You, as a first time homebuyer, buy a home for $80,000 on January 1, of 2010. You put 10% down ($8,000) and take out a 30 year fixed rate mortgage for $72,000 at 5%. Your monthly mortgage payments will be $386.51.

The first year, when you file your tax return, you get the $8,000 tax credit, in other words, the IRS just paid your down payment. You will have paid around $3,300 in interest, and maybe another $1,000 in taxes, giving you a tax savings of about $1,000. ( I am using round numbers here just to make it easy.) That is a total of $9,000 you didn’t need to earn, and $9,000 you don’t need to pay taxes on.

Years two and three are not very exciting, you still get the tax deductions and save around $1,000 per year.

After 3 years you decide to sell your home. Let’s assume the market has made a recovery (which is not an unreasonable assumption for 3 years out) and your home has increased in value 25%, to $105,000. Let’s play with the numbers.

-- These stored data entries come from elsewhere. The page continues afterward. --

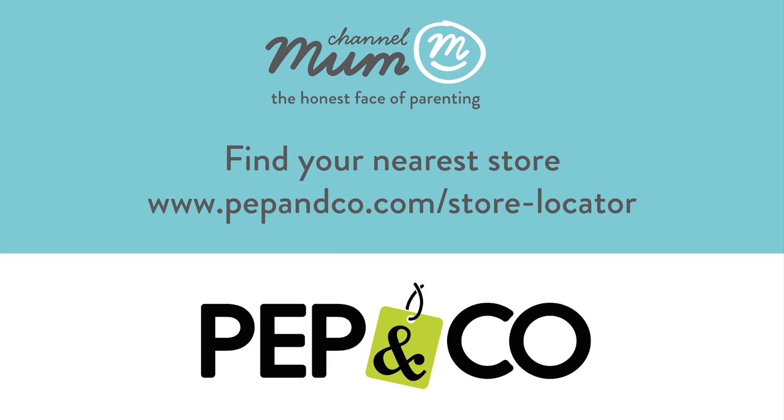Weren't those outfits amazing? I can't believe they only paid £50 for the entire family. I'm definitely going to be heading to Pep & Co. But what are your thoughts? What was your favourite outfit and will you be heading to Pep & Co? Leave us a comment below and don't forget to subscribe for more videos.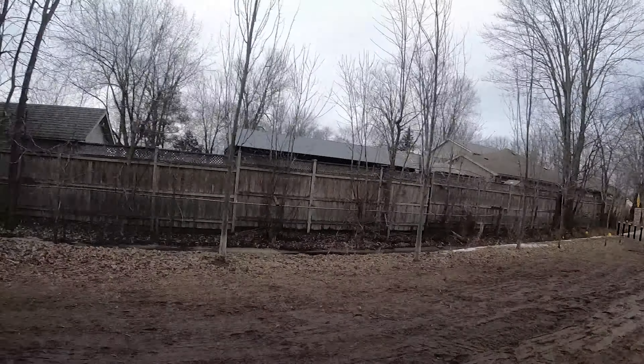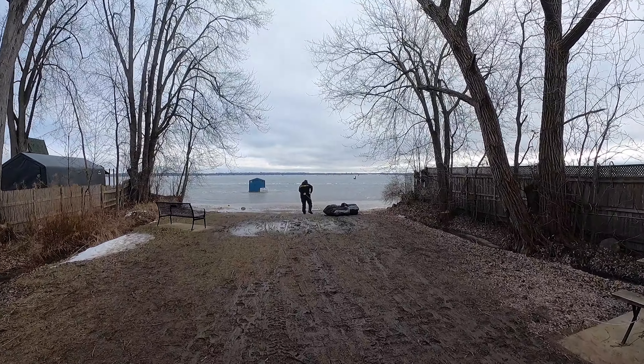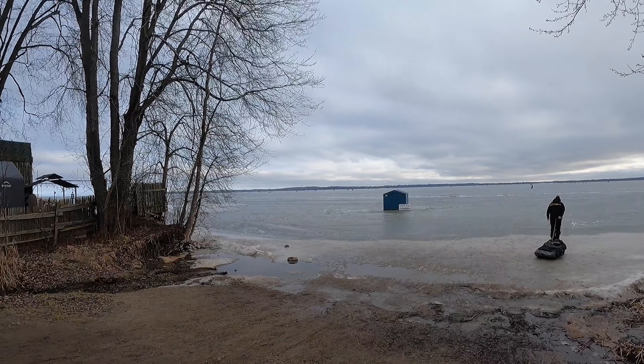End of Guilford Road — it looks like there's some huts and maybe some good ice. Stay tuned. I'm gonna fly the drone and then spud my way and track the ice. Yeah, lots of people out here.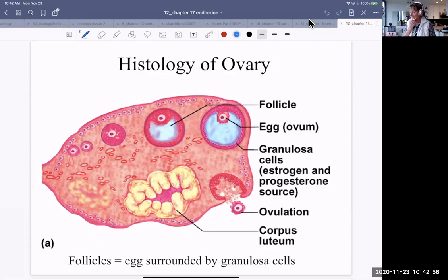The ovary has a couple of functions. One, of course, is to produce ova — eggs — hence the name ovary. And the other is to produce hormones, which are quite involved in the reproductive system of the female. It's a spongy, very small organ, and it is lined with follicles. The follicles contain ova, eggs.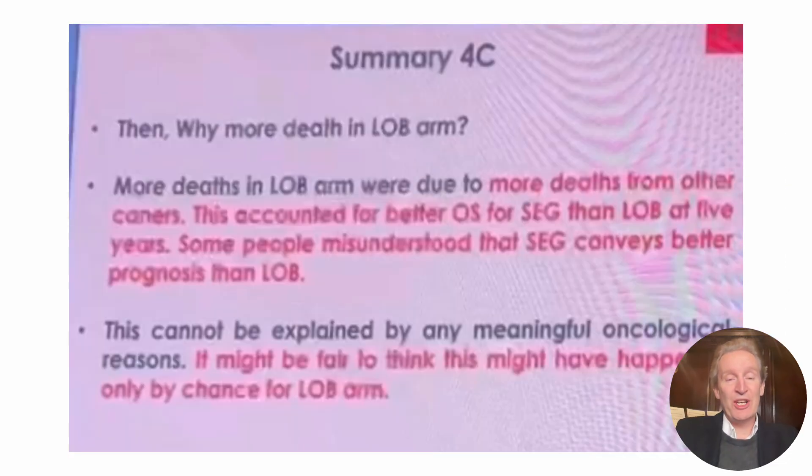We were all cheering that segmentectomy was superior. So why were there more deaths in the lobectomy arm? It was other cancers — a really weird quirk. Eric Lim wrote into the Lancet but it wasn't accepted. We all scratched our heads but didn't really understand it. Well, it's gone away now — the differences have gone away. And Hisao Asamura, in charge of the trial, cannot explain why there were more cancers in the lobectomy arm, and they're just saying it might have happened by chance.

First lets see how much cash it took to live in your home. (I don’t include insurance here, because even if you are renting your should be paying for insurance, and renter’s insurance and homeowner’s insurance cost about the same.)

Cash Out

If we add up the down payment ($8,000), the total monthly mortgage payments ($14,000) and the estimated property taxes ($2,400) we come to a total of $24,400 cash out of pocket to live in our home. But then we get to subtract the tax credit ($8,000) and tax savings ($3,000) to come up with a net out of pocket cost of $13,000. Not bad for three years of housing!

Now let’s see how the cash flows when you sell the home.

We sell the home for $105,000, but we have to pay the costs of selling the home ($8,400) and we have to pay off the mortgage ($68,000). That leaves us with cash in pocket of $28,600. Nice! Subtract from that the $13,000 cash out and you are left with $15,600 your don’t have to pay taxes on. Working a job and paying income taxes and social security taxes you would have to earn almost $20,000 to have the same amount of cash.

So by using the tax laws to your advantage you have lived in your house for free for 3 years and gained over $5,000 per year in cash flow.

In my book, that makes my home an asset!